Kerala High Court
Commissioner Of Income-Tax vs Chandrika Enterprises on 7 October, 1991
Equivalent citations: [1992]198ITR548(KER)
JUDGMENT K. P. Radhakrishna Menon, J.
1. The Commissioner of Income-tax, Cochin, is before us.
2. The questions referred for our opinion read :
" 1. Whether, on the facts and in the circumstances of the case, the assessee is entitled to registration under the Income-tax Act, 1961 ?
2. Whether, on the facts and in the circumstances of the case, the words 'person' and 'member' occurring in Section 11(2) of the Companies Act, 1956, would include a minor admitted to the benefits of partnership ?
3. Whether, on the facts and in the circumstances of the case, the Income-tax Appellate Tribunal is correct in law in holding that the assessee should be assessed as a registered firm ? "
3. During the relevant years of assessment, except for the year 1975-76, the partnership which is the assessee was having 15 partners and six minors admitted to the benefits of partnership. For the year 1975-76, the partnership consisted of 14 partners and seven minors admitted to the benefits of the partnership.

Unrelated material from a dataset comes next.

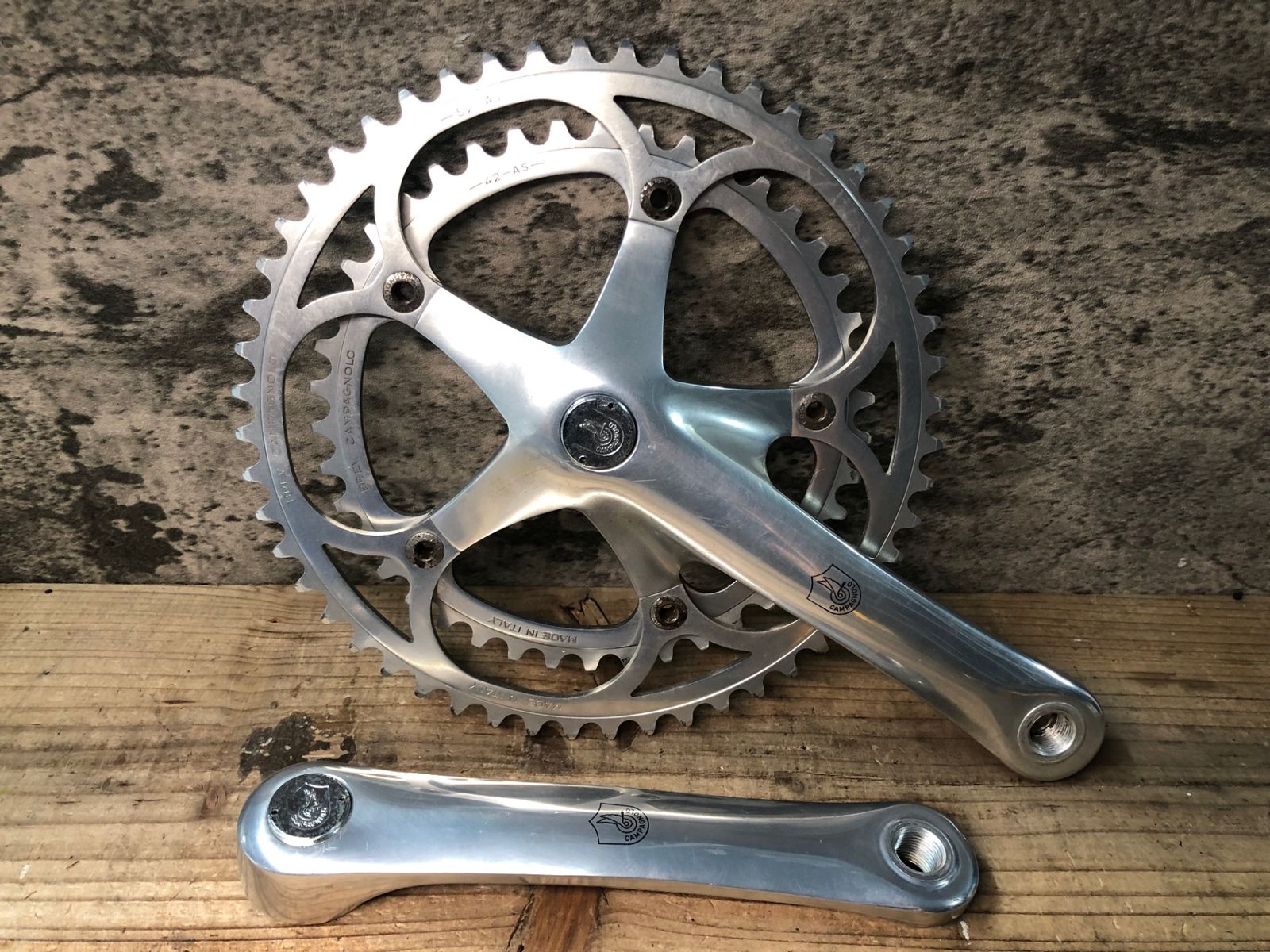JI607 カンパニョーロ CAMPAGNOLO アテナ ATHNA クランクセット 170mm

4. The Income-tax Officer was of the view that the minors admitted to the benefits of the partnership, going by the definition of the word " partner " in the Income-tax Act (vide Section 2(23) Of the Income-tax Act) were also partners and, if that be the position, the partnership must be held to consist of more than twenty persons. Section 11(2) of the Companies Act prohibits the formation of a partnership consisting of more than twenty persons. It cannot, therefore, be said that the application for registration of the partnership is maintainable is the finding of the Income-tax Officer. The Income-tax Officer, accordingly, rejected the application for registration of the partnership. On appeal, the Commissioner of Income-tax (Appeals) reversed the order of the Income-tax Officer entering the finding that the minors admitted to the benefits of the partnership, the definition of partner in Section 2(23) notwithstanding, cannot be treated as partner, and, consequently, held that the finding of the Income-tax Officer that there was no valid partnership was liable to be vacated. Accordingly, the Commissioner of Income-tax (Appeals) allowed the appeal and directed the Income-tax Officer to grant the registration. The Revenue filed a second appeal before the Tribunal. The Revenue reiterated the contention before the Tribunal that a minor admitted to the benefits of partnership is a partner in view of Section 2(23) of the Income-tax Act. The Tribunal, however, was of the view that a minor admitted to the benefits of partnership cannot be treated as a partner and, accordingly, held that the argument of the Revenue cannot be taken cognisance of.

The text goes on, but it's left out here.